With an SPT, a thick-walled hollow tube with a diameter of 50.8 mm is driven into the ground in a borehole over a length of 450 mm. The number of blows required to drive the pipe 150 mm into the ground is counted. The sum of the number of blows over the second and third 150-mm stretch is called the SPT or N value. When performing an SPT, sample material is also obtained, but this is far from undisturbed.
The disadvantages of an SPT are obvious. It is a very dated test, which only provides discontinuous and indirect information about the underground. Although there are many correlations with underground parameters, they are all of low quality.
The advantage of an SPT is that it is known worldwide and can be requested. However, if other survey techniques such as CPTs are possible, these are greatly preferred.
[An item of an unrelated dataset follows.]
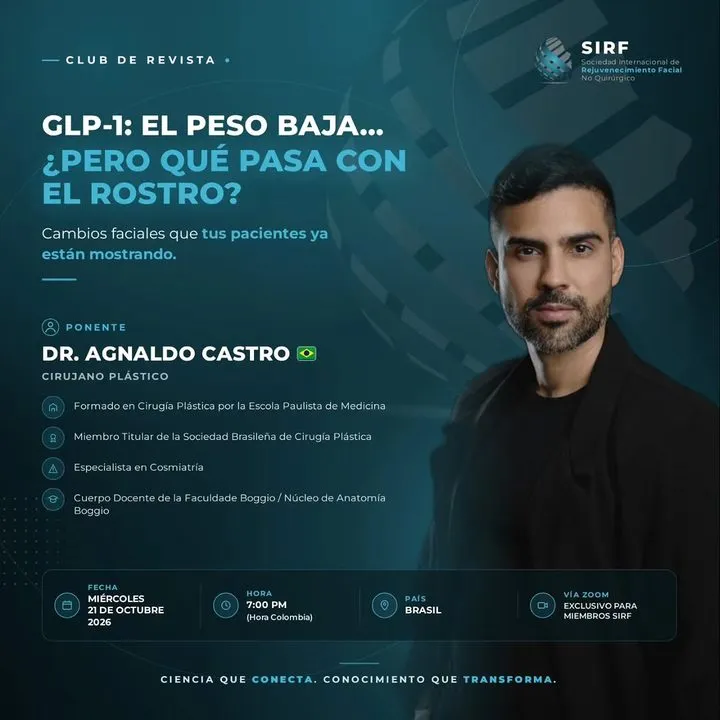 Afiche del Club de Revista: GLP-1: el peso baja… ¿pero qué pasa con el rostro?, con Agnaldo Castro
Coil probes are actually normal, electric CPTs where adhesion to the rods is minimised during probing by injecting bentonite. Large probing depths can be reached in this way (up to 80 to 100 m). Probing to these depths is becoming more important because of the ever-higher buildings and thus greater impact on the deeper soil layers.
While the rods are being pulled, the probe borehole can be immediately sealed with bentonite or injection grouting to prevent short-circuiting of flows towards an aquifer. This can be important, for example, in urban areas where there is often contamination in the upper layers or in a water extraction area with associated protection zone. A coil probe offers much greater certainty with regard to the complete sealing of the probe borehole than, for example, sealing with using pressure mapping. After all, with pressure mapping, there is a real risk that the rigid casing will not follow the course of the CPT borehole and will find its own way.
CPTs can be carried out with a MoStab to quickly take a virtually undisturbed soil sample at a predetermined depth, for example to check whether a water-inhibiting soil layer is present at a greater depth. This can eliminate the need for deep (more expensive) drilling.
With a probing unit, standpipes can also be pushed to depth using a casing with a lost tip. The advantage of this method is that it is cheap and fast. The disadvantage is that no soil characterisation is obtained. BRL SIKB 2100 can be met using special standpipes.